About this task
The lines to be extracted begin at the line containing "Livro You Told" and end at the last line of the data below; copy them exactly and leave out the pictures.

Data for the task
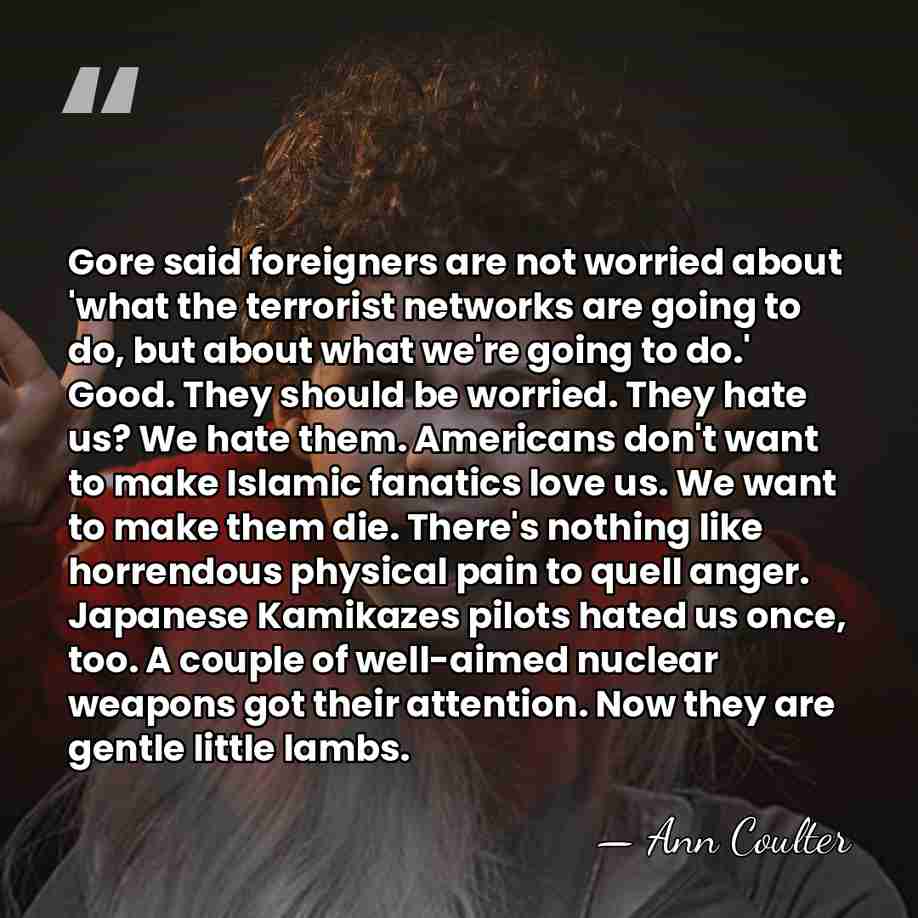Gore said foreigners are not worried about 'what the terrorist networks are&hellip; - Ann Coulter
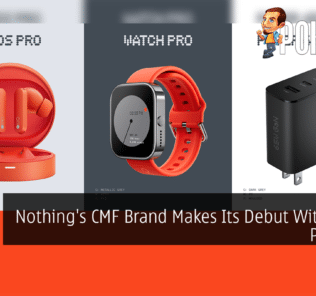 Nothing's CMF Brand Makes Its Debut With Three Products 33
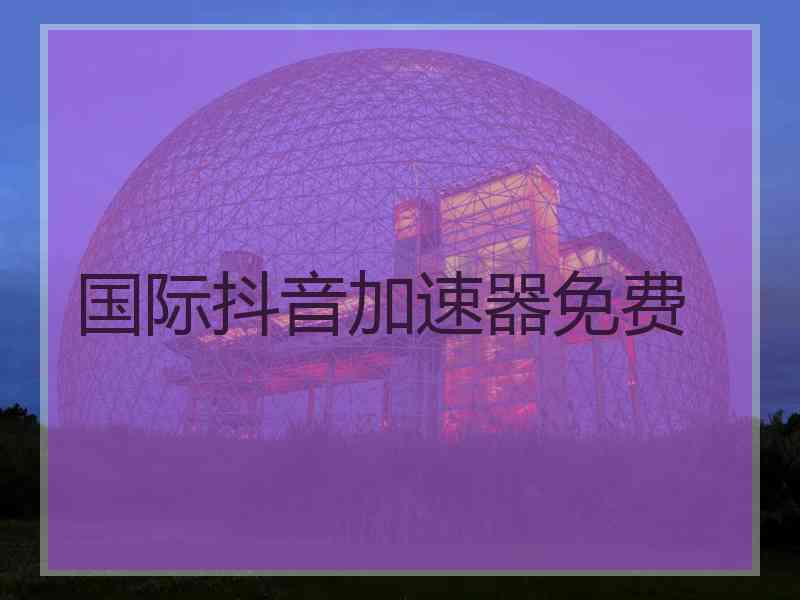 国际抖音加速器免费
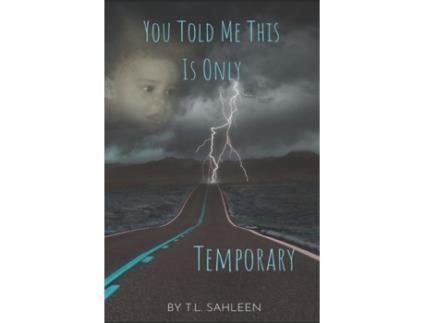 Livro You Told Me This Is Only Temporary T. L. Sahleen (Inglês)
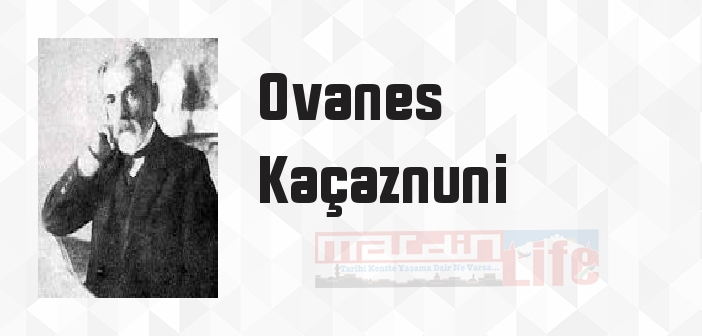 Ovanes Kaçaznuni kimdir? Ovanes Kaçaznuni kitapları ve sözleri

Output
 Livro You Told Me This Is Only Temporary T. L. Sahleen (Inglês)
 Ovanes Kaçaznuni kimdir? Ovanes Kaçaznuni kitapları ve sözleri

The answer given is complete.